Brief: Copy out all lines from the entries below in which "Purple" occurs.

Source data:
▼▼▼
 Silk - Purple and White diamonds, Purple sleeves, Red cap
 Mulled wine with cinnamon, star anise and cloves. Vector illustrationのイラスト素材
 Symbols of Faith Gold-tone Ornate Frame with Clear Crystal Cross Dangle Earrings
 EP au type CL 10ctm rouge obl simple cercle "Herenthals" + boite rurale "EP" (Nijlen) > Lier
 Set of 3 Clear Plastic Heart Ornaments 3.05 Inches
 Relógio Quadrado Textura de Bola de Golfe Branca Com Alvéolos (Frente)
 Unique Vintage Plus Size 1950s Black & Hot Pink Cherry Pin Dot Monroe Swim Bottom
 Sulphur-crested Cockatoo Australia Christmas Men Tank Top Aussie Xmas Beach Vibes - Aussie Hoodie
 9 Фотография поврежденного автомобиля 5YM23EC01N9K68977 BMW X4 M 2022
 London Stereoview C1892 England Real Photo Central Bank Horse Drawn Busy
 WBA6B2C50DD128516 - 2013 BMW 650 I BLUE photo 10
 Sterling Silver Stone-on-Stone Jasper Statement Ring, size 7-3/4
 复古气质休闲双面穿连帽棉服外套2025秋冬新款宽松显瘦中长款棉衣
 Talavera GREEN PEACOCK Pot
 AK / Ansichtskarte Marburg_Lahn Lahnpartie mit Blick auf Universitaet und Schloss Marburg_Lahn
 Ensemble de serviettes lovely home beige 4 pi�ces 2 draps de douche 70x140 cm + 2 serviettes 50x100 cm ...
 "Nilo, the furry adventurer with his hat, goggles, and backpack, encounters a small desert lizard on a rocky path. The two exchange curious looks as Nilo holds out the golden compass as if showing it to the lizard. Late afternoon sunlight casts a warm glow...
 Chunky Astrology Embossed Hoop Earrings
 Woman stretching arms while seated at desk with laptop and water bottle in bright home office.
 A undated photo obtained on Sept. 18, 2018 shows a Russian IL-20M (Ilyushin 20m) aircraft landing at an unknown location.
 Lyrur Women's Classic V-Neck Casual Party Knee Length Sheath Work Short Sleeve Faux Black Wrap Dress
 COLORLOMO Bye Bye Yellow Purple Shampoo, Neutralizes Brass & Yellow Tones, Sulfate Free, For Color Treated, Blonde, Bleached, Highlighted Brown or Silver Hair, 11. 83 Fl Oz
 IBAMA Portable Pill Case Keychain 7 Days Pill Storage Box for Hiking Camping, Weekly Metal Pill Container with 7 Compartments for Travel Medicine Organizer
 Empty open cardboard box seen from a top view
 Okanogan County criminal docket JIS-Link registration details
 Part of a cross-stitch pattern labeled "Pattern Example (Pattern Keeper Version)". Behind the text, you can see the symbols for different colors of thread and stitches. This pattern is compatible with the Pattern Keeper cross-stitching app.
▲▲▲
Output below:
 Silk - Purple and White diamonds, Purple sleeves, Red cap
 COLORLOMO Bye Bye Yellow Purple Shampoo, Neutralizes Brass & Yellow Tones, Sulfate Free, For Color Treated, Blonde, Bleached, Highlighted Brown or Silver Hair, 11. 83 Fl Oz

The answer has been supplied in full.